A descoberta de inseticidas precisa migrar de triagens empíricas amplas para sistemas guiados por alvos moleculares, inteligência artificial e quimioinformática. Essa é a principal conclusão de estudo que avalia como conceitos da pesquisa farmacêutica podem apoiar o desenvolvimento de moléculas para controle de insetos, com maior seletividade, menor risco a organismos não alvo e melhor resposta à resistência.

Os pesquisadores apontam um déficit de inovação na descoberta de inseticidas. A introdução de compostos com modos de ação realmente novos desacelerou, enquanto aumentaram a resistência de pragas, as exigências regulatórias e as restrições ambientais. Segundo eles, o arsenal atual ainda depende de poucos grupos de modo de ação. Esse cenário reduz a durabilidade de produtos e aumenta o risco de resistência cruzada.

Proposta central

A proposta central envolve a adoção de uma lógica inspirada na descoberta de fármacos. O processo começa pela escolha e validação de alvos biológicos. Depois avança para identificação de moléculas ativas, progressão de “hit” para “lead” e otimização de múltiplos parâmetros. A abordagem inclui ciclos de desenhar, produzir, testar e analisar. Esse modelo permite avaliar potência, seletividade, segurança, propriedades físico-químicas e risco de resistência desde as fases iniciais.

Os pesquisadores destacam o papel da inteligência artificial como camada de apoio à decisão. Modelos computacionais podem ajudar na triagem virtual, previsão de atividade, desenho generativo de moléculas, aprendizagem ativa e priorização de compostos. A quimioinformática fornece a base para representar moléculas por descritores, impressões digitais, cadeias SMILES, grafos moleculares e estruturas tridimensionais.

Os cientistas alertam, porém, para limites importantes. A inteligência artificial não resolve sozinha o problema da inovação. O desempenho dos modelos depende da qualidade dos dados, da padronização dos ensaios, do domínio de aplicabilidade e da validação experimental.

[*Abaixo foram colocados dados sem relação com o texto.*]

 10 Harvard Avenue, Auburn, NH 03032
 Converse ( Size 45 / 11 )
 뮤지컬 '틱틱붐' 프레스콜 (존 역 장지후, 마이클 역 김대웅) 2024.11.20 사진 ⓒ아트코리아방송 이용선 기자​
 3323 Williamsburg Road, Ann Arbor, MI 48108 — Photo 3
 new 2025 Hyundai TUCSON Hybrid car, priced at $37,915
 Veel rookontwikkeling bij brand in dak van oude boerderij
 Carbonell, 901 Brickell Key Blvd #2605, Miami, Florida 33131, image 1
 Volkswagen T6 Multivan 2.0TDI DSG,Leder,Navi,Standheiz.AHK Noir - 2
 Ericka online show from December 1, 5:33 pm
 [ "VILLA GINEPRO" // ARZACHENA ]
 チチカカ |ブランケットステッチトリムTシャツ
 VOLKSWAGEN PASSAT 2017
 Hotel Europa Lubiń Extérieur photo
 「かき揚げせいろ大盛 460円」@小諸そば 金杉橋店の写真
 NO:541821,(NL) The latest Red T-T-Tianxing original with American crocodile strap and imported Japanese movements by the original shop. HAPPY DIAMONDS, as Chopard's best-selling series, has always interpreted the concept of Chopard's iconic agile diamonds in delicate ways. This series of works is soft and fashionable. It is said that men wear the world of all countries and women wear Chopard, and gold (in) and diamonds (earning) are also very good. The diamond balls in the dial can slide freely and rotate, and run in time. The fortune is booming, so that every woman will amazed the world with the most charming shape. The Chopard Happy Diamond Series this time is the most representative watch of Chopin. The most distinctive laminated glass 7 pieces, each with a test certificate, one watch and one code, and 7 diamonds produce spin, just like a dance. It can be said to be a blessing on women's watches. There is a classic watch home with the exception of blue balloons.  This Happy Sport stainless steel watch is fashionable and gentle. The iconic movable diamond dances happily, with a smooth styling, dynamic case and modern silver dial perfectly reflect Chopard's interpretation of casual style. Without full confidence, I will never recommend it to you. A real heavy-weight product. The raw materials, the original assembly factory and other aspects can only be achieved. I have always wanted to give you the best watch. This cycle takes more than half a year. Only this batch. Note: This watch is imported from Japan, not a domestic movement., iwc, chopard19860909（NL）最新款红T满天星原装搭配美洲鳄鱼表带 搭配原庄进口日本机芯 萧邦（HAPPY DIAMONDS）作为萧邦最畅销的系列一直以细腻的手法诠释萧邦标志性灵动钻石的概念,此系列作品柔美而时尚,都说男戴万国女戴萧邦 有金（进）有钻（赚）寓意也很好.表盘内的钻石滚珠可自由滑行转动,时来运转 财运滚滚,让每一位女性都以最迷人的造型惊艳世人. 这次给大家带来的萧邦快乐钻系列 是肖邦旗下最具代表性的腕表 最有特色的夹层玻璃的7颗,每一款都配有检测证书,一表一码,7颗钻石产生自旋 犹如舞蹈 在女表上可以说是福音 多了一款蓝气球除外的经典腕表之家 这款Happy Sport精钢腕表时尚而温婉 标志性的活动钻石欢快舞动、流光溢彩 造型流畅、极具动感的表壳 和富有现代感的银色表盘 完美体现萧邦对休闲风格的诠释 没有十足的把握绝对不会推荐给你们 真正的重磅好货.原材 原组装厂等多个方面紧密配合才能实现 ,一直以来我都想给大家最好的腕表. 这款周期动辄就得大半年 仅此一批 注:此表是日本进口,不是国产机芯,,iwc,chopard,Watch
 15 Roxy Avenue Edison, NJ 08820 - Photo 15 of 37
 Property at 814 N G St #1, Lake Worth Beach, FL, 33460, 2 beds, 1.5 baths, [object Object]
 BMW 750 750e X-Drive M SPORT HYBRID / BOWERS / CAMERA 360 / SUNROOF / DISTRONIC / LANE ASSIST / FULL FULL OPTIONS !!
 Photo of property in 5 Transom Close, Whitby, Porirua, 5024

A revisão ressalta a distância entre resultados obtidos in silico e produtos aplicáveis em campo.

Alvos consolidados

Entre os alvos consolidados, os cientistas citam acetilcolinesterase, canais de cloro ativados por GABA, canais de sódio dependentes de voltagem e receptores nicotínicos de acetilcolina. Esses alvos sustentam classes comerciais relevantes, mas acumulam problemas ligados à resistência e à seletividade. A oportunidade, segundo a revisão, não consiste em repetir químicas antigas. O valor reside no redesenho orientado por estrutura, comparação entre ortólogos e avaliação de mutações associadas à resistência.

Alvos emergentes

O trabalho também destaca alvos emergentes ou pouco explorados. Receptores de octopamina ganham interesse pela ausência de um sistema equivalente direto em vertebrados. A biossíntese de quitina oferece seletividade, pois a quitina participa da formação da cutícula e da matriz peritrófica em artrópodes, mas não ocorre em vertebrados e plantas. Receptores de ecdisona e vias de hormônio juvenil também aparecem como opções para inseticidas ligados ao desenvolvimento. Receptores de neuropeptídeos acoplados à proteína G compõem outro grupo promissor, pela importância em alimentação, diurese, reprodução e respostas ao estresse.

A seletividade recebe atenção especial. A comparação entre proteínas ortólogas de pragas, mamíferos, polinizadores e artrópodes benéficos pode revelar diferenças em sítios de ligação. Essas diferenças podem orientar moléculas com maior afinidade pelo alvo da praga e menor interação com organismos não alvo. O artigo ressalta um ponto crítico: “seletivo para insetos” não significa, automaticamente, seguro para polinizadores.

Biologia estrutural

A biologia estrutural aparece como condição para o avanço do desenho racional. Estruturas experimentais e modelos preditivos ajudam a localizar bolsões de ligação, interpretar mutações de resistência e comparar alvos entre espécies. Ferramentas de predição estrutural ampliam o número de proteínas exploráveis, mas ainda exigem cautela. Modelos podem falhar em regiões flexíveis, estados conformacionais, complexos de membrana e interações dependentes de ligante.

Os cientistas concluem que o futuro da descoberta de inseticidas depende de um ecossistema integrado. Esse ecossistema deve conectar biologia de alvos, dados estruturais, química sintética, modelagem preditiva, validação experimental, segurança ambiental e viabilidade de uso em campo.